Java Heap Space error during save Images

I work with rather large images (15000 x 38200) that I process with the help of CP quite nicely. Lately I’ve been getting errors when trying to save the resulting images in RGB. The error I get is Java heap Space error. I tried alleviating by increasing the heap size
…CellProfiler.exe" --jvm-heap-size=10g (or up to 40g) but no joy.

If I shrink the image or make it grayscale it works. I thought it may be a file format problem but it applies to JPG and TIFs (perhaps others as well, haven’t tried) Could you please point me in the right direction on this one?

Thanks!

Bolek

Hi Bolek,

You say this has been occurring “lately” in your post above. Prior to experiencing this problem, have you made any changes to your pipeline and/or changed to a different version of CP? If so, what version?

Regards,
-Mark

Hi Mark,

The only thing that’s new is the species of the tissue I’m looking at which is larger than the one I was using earlier - so it’s most likely the image size that’s the cause - if I run the pipeline on the same images but first reduce the size to half (even in CP) it’s fine. The previous tissue images I used were in this smaller size range as well (typically 15000x7500).

Perhaps worth mentioning - I’ve redone and tested the analysis with older versions as I was thinking that perhaps the 2.1 trunk was the cause (btw: love the performance of 2.1 trunk!) Sadly earlier 2.0 trunks and even 2.0 release had the same problem.

To ensure it’s not my computer (48GB RAM windows 7 Workstation) I also tried it on another 64GB workstation to no avail (also with a java heap of ~50g). Trying to run conserve memory to clear all the unnecessary files doesn’t work either.

I’m happy to try anything to try and debug this or even upload the pipeline/sample image (quite large). Could this be a fileformat issue of the save image? some sort of TIF or JPG filesize limit? I know TIF has a maximum resolution but this is probably not it since its fine as a monochrome but suddenly crumbles in RGB.

Thanks again.
Bolek

Hi Bolek,
I think your images are likely just barely over the size limit. Arrays in Java are addressed with a Java int which has a maximum value of two billion. You have images that are about 1/2 billion pixels and I think we need four bytes per pixel to store RGB. That pushes you just barely over the limit.
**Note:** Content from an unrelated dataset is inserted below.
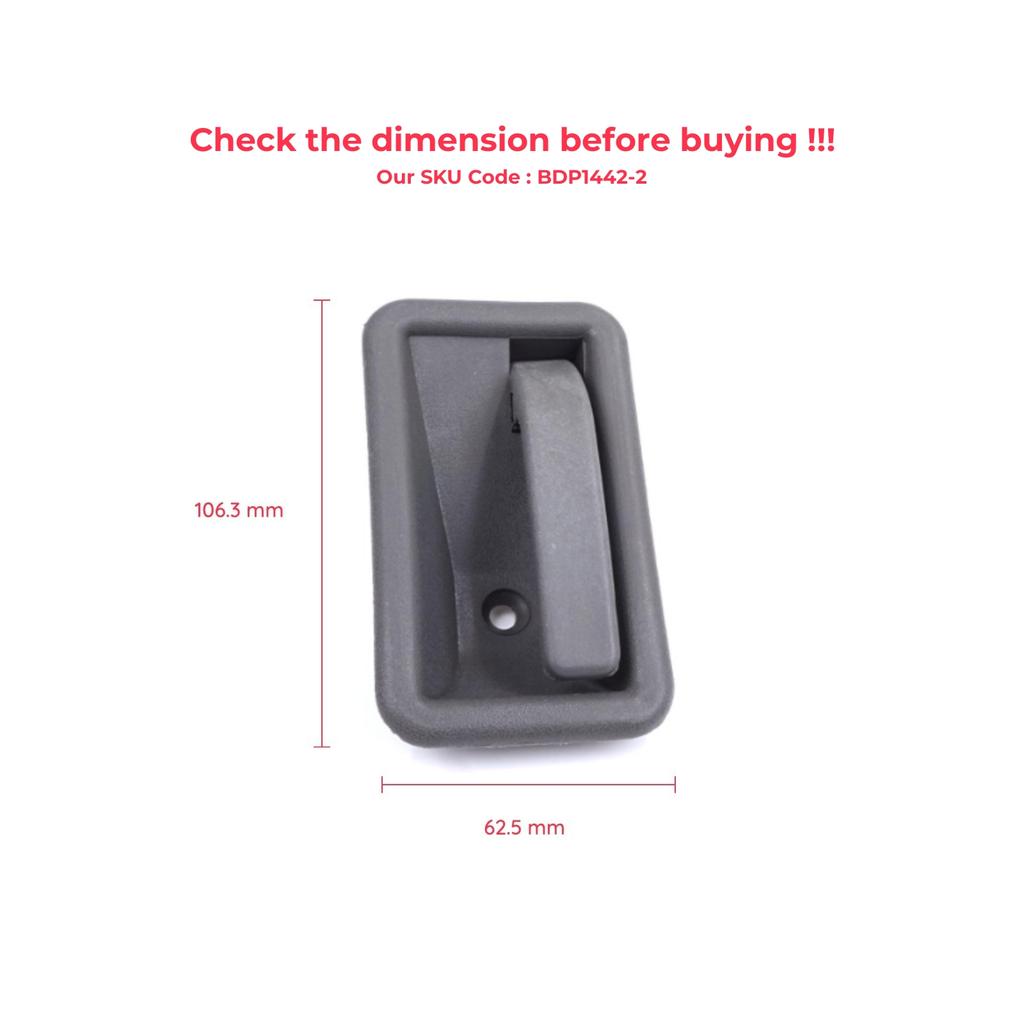 BDP1442-2 Front or Rear Right Interior Door Handle Opener Gray for Renault 19 Phase 2 1992-2000 Clio MK1 1990-1999 7700813586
It’s an inherent limitation in Java that can’t be changed by increasing the heap size.

The upcoming release won’t alleviate this, but we are planning features for the release after that one. CellProfiler 2.2 will likely have a tiling feature that will work well with your images by analyzing them in tiles. We can use Bio-Formats to write the images in tiles as well - this will allow us to write color images with your format. The standard TIF file format can only support 2GB image sizes, but BioFormats can write the BigTIFF format and overcome this limit. Maximum JPEG image dimensions are 64K x 64K. The PNG specification supports up to 2G x 2G, theoretically.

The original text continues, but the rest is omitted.